I noticed something interesting when trying to port a torch-trained model to tensorflow (TF). When the output channels of a PixelShuffle operation are greater than one, the corresponding depth_to_space function in TF is not equivalent (Note: I convert the input to TF to NHWC and the output back to NCHW).
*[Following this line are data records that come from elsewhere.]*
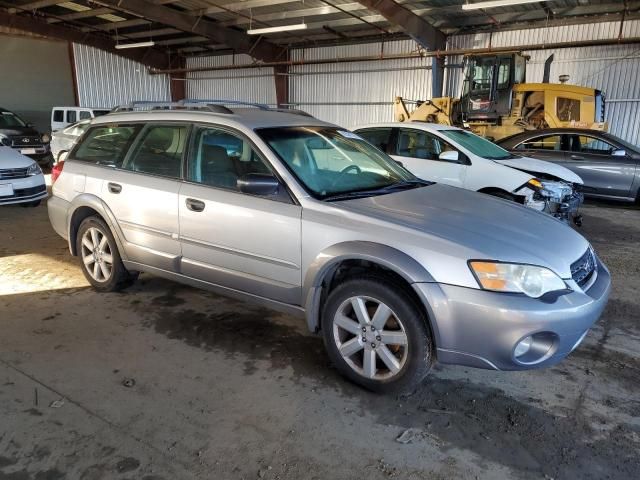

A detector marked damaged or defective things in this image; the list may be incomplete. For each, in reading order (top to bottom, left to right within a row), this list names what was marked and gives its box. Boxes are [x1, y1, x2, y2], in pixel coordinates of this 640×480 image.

damaged white car [356, 122, 584, 223]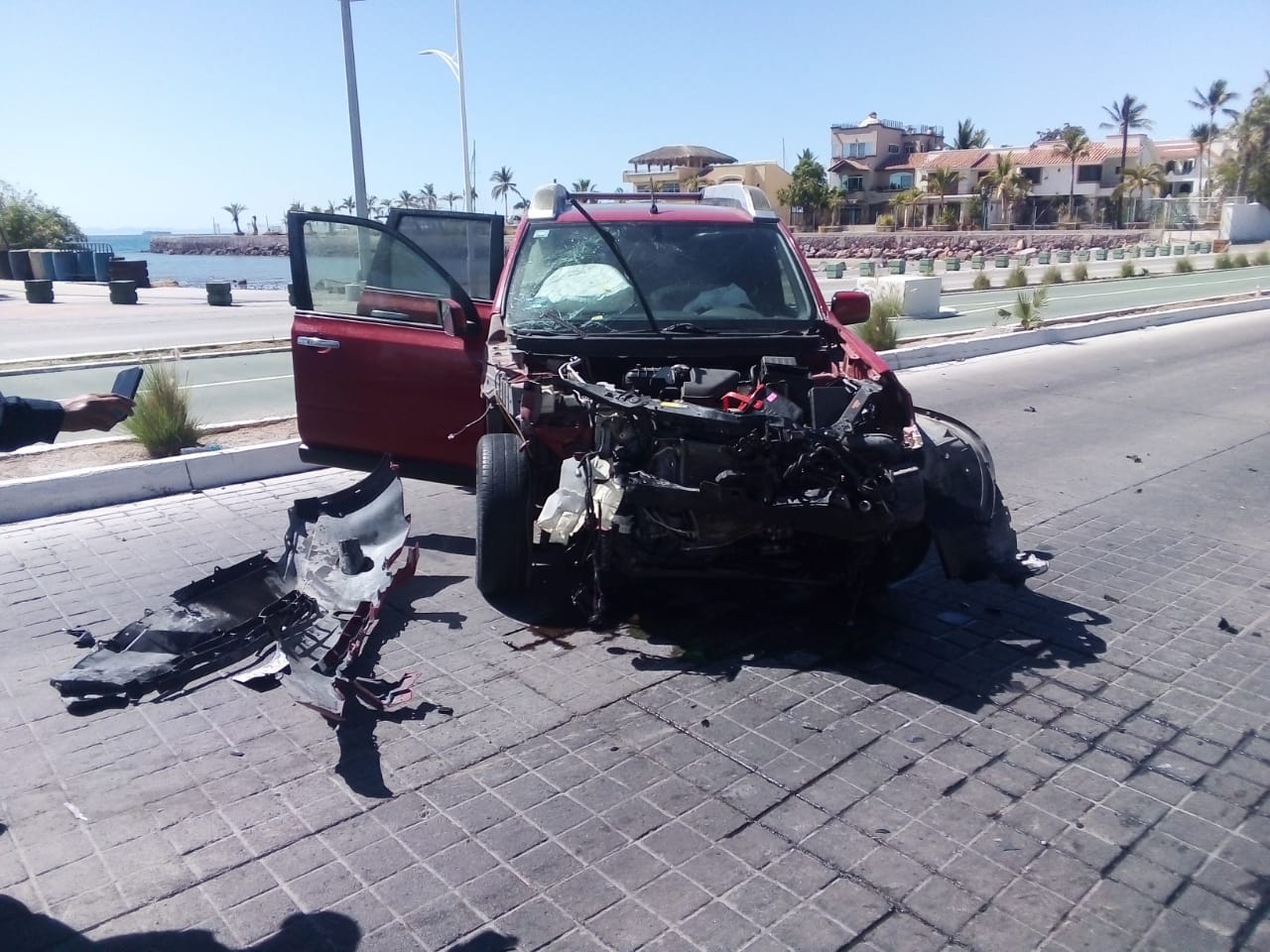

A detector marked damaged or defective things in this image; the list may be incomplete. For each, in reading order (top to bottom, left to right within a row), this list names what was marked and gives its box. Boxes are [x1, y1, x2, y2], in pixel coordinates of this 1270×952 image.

cracked windshield [505, 220, 813, 334]
wrecked red suv [291, 184, 1041, 619]
detached fender [914, 409, 1010, 581]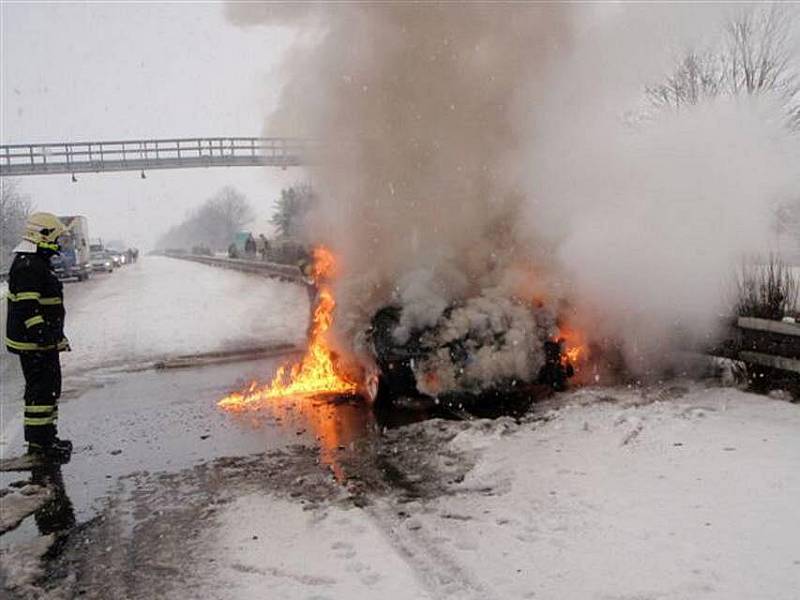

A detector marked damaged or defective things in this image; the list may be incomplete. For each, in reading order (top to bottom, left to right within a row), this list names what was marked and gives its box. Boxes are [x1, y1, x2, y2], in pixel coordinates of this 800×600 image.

charred car body [362, 292, 576, 410]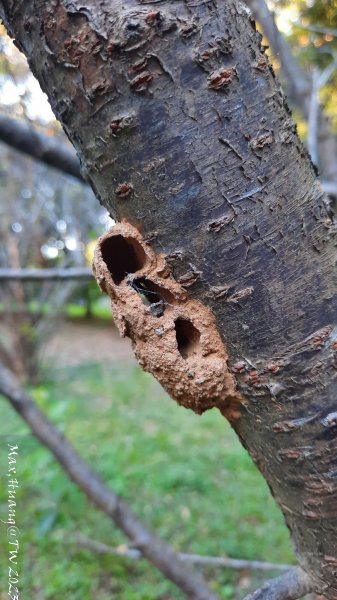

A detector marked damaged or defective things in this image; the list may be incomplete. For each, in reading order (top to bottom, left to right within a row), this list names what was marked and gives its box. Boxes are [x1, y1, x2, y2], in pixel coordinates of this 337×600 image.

termite damage [92, 223, 242, 414]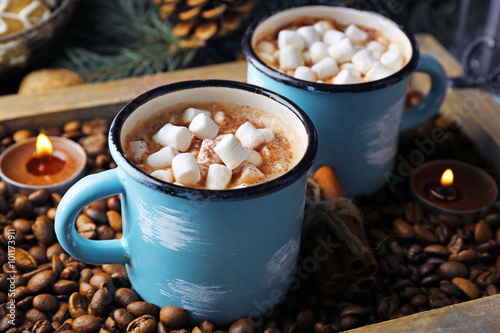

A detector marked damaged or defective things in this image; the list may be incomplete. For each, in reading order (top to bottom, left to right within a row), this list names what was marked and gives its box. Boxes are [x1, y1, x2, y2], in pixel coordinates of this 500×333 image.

chipped enamel rim [240, 3, 420, 92]
chipped enamel rim [111, 79, 318, 201]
I was wondering whether this expected behavior OR there is a misunderstanding?
Specifically,
# Torch
torch_out = nn.PixelShuffle(2)(input)
and
# TF/Keras
input = np.transpose(input, (0, 2, 3, 1)) // Convert to NHWC
keras_input = keras.layers.Input(shape=input.shape[1:])
keras_d2s = keras.layers.Lambda(lambda x: tf.nn.depth_to_space(x, 2))(input)
...
keras_out = np.transpose(keras_d2s, (0, 3, 1, 2)) // Convert back to NCHW
and
keras_out != torch_out
Here is a testbench:
import numpy as np
import torch
import tensorflow as tf
from torch import nn
from tensorflow import keras
class Shuffle(nn.Module):
def __init__(self, s, k, ic):
super(Shuffle, self).__init__()
self.shuffle = nn.PixelShuffle(s)
def forward(self, inputs):
return self.shuffle(inputs)
def main():
sz = 4
h = 3
w = 3
k = 3
ic = 8
s = 2
input = np.arange(0, ic * h * w, dtype=np.float32).reshape(ic, h, w)
input = input[np.newaxis]
torch_input = torch.from_numpy(input)
shuffle_model = Shuffle(s, k, ic)
shuffle_out = shuffle_model(torch_input).detach().numpy()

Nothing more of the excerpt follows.